P: Who apparently decided to hear more intelligent design.

S: Matters of science should be divorced from politics. The only thing that really matters is what the logic and evidence say. And evolution is established as well as any theory in science, it is a scientific fact. Intelligent Design is a house of cards. It is a house of logical fallacies. Again, many claims that have been shown to be false over a century ago. But that never stops the creationists from using it as an argument.

P: We'll have to follow this and see if this boycott is a good way of dealing with it.

S: It'll be interesting to follow and I'm sure Genie Scott, who for those of you who don't know, Genie Scott runs a national organisation[5] that is basically the primary watchdog on creationism and the attempts—grass roots attempts to get creationism taught in public schools, so I'm sure her organisation and her people will watch this closely as well.

Group Discussion (36:01)

S: There is a magician.

J: Is he Egyptian?

S: He's not Egyptian. That, what is his name? Nu. Are any of you familiar with him. There are many magicians and they can do seemingly fantastical feats. But some of them claim that their feats are actually paranormal in nature. While others admit coyly that it's merely a trick, and illusion.

J: Well, Uri Gellar is a prime example of that, of basically claiming that his magical ability is, you know, his sleight of hand ability is actual magic mind power, mentalist.

B: Be careful what you say about him, you don't want to get sued now.

(laughter)

S: If you don't believe that he does his magic tricks through miracles, he'll sue you.
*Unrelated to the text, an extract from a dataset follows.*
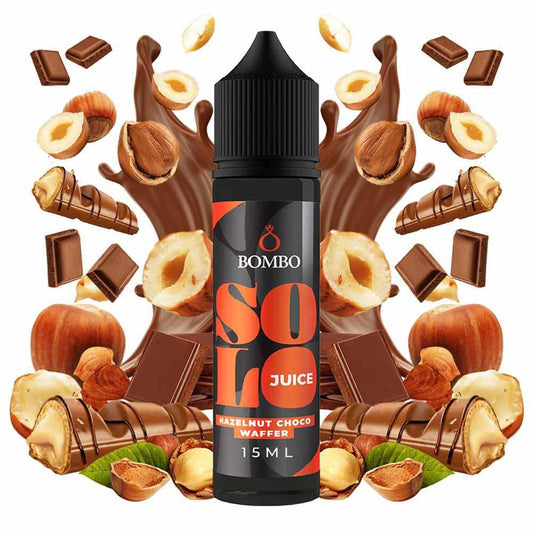 Bombo Solo Juice Hazelnut Choco Wafer Flavor Shot 15/60ml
E: Well, maybe anyone, I don't know 45 or older, might be familiar with the name Uri Gellar. I mean, certainly Uri Gellar is well past his heyday and past his celebrity.

S: Thankfully.

E: At least in the United States. However, there is a gentleman who has a show that's been airing lately on the learning channel. His name is Alain Nu and his show is called the Mysterious World of Alain Nu. So I was channel surfing the other night and I came across his program and he's doing some pretty impressive street magic. I love magicians, I love magical tricks, and most skeptics do. So stopped to watch his show for a little while. I'm watching the show for about 15 minutes or so, and Alain has just performed this mentalist trick for some observers in the street. Now I can't quote exactly what he said, but he's telling his audience that he's using the power of mental energy to fuel his tricks. Well, this of course piqued my interest a lot more due to this comment. I continued to watch the show, I watched it to its end, another 30 minutes or so. During the course of that time, Alain must have used words and phrases such as energy, chi, psychic, mental power, half a dozen times or so, if not more. I wish I had my VHS stack running during the show so I could actually pull the exact quotes that he said for this show but I-

J: Evan, was he representing it as a show or was he kind of instructing people or was he like trying to sell it off as he was really doing it, what was the feel of the show?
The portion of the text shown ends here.